Margaret Rich Greer. “The Politics of Memory in El Tuzaní De La Alpujarra.” In Rhetoric and Reality in Early Modern Spain, 113. NED – New ed. Boydell & Brewer, 2006. (pp. 113-130)
In her article ‘The Politics of Memory in El Tuzani’, Greer explores how Calderón infused his dramatic tragedy with its historical context of the seventeenth-century Spain, replete with religious persecution and cultural genocide, despite the Catholic monarchs’ promise of religious and cultural tolerance. El Tuzani takes place in Granada during the 1568-70 rebellion of the moriscos, who largely populated the area. Greer is intrigued by the way in which Calderón, known for his strong allegiance to the Catholic Church and even ordained as a priest in 1651, builds sympathy towards the moriscos, rather than the Christians.

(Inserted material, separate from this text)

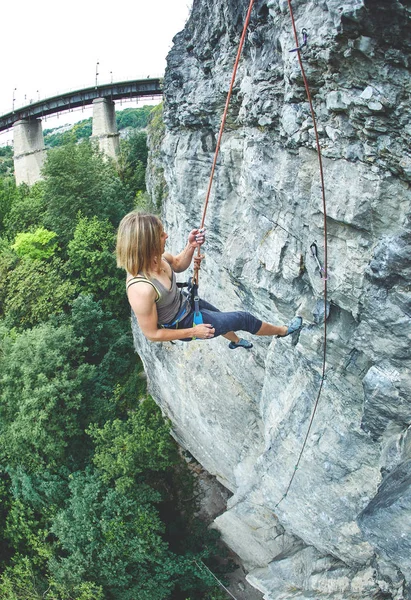 Donna arrampicatrice si arrampica sulla scogliera — Foto Stock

To examine Calderón’s portrayal of the moriscos in El Tuzani, Greer divides her text into four parts:
- Construction of dramatic spaces in Calderon’s play;
- Bodies in those spaces;
- Laws of religion, state and class;
- The role and context of dialogues.
Initially, Greer paints a broader picture of Calderón’s intentions when writing the tragedy, as she detects some of the direct and indirect inspirations that may have influenced the playwright’s work. Whilst Greer covers the context of the Christian religious, cultural, and economic oppression, coupled with the morisco resistance, she also points out some more subtle influences, such as the transportation to Madrid of Libros Plumbeos – the relics found in Granada, allegedly implying the ancient and now restored Christian heritage of the Granadians. Thus, the key contextual influences, in Greer’s view, are a new regime, a consequentialist view on expulsion, and the Libros Plumbeos.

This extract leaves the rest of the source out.